The BPMN surface in QuantumBPM is a BPMN 2.0 process engine with a visual modeler, a running-instance view, and a poll-based external-worker API. It runs alongside the DMN engine in the same product and shares projects, identity, and audit history with it.

What's supported

Modeling

A full BPMN 2.0 modeler with canvas, palette, context pad, and a properties panel. Supported flow elements:

  • Events — start, end, intermediate (catch and throw), and boundary, with none, message, signal, timer, link, error, escalation, compensation, conditional, and terminate definitions. Boundary events come in interrupting and non-interrupting variants.
  • Tasks — service, user, script (FEEL), business-rule (calls a DMN decision), send, receive, manual, generic.
  • Gateways — exclusive, parallel, inclusive, event-based.
  • Structure — embedded sub-processes, event sub-processes (interrupting and non-interrupting), ad-hoc sub-processes, call activities, and multi-instance / standard loops.
  • Advanced behaviour — compensation handlers, escalation that traverses scope hierarchies, error boundaries, and ad-hoc node triggering.

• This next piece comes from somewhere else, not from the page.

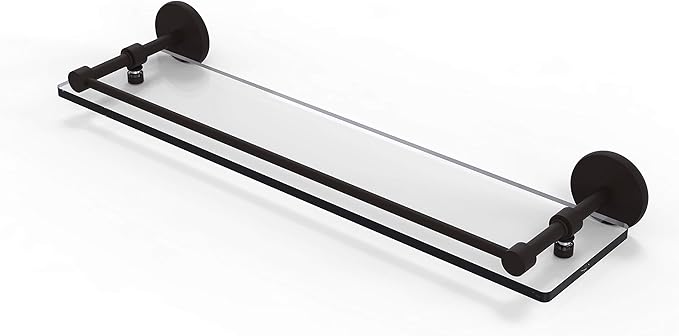 Allied Brass P1000-1/22-GAL-ORB 22 Inch Tempered Gallery Rail Glass Shelf, Oil Rubbed Bronze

The full element catalog with attributes, behaviours, and validation rules is documented under Elements.

Execution

Processes run as deterministic workflows backed by a durable execution substrate. Every event is recorded so an instance can be inspected at any point — and replayed step-by-step in the UI through the replay slider.

Operating live instances

  • Resolve incidents in the instance detail UI.
  • Send messages or signals to correlated instances from the UI.
  • Modify token state (insert tokens, cancel tokens) — exposed via API today; UI is on the roadmap.
  • Migrate running instances to a new process version with an explicit migration plan — exposed via API today; UI is on the roadmap.

Integration

  • External worker queue — poll-based HTTP API for service-task workers in any language (Camunda-style).
  • REST API — every operation above is exposed via the OpenAPI surface.
  • quantum: extensions — the modeler attaches runtime metadata (task definition, I/O mappings, headers, assignment, form, called element, called decision) inside <extensionElements> while staying inside standard BPMN validity.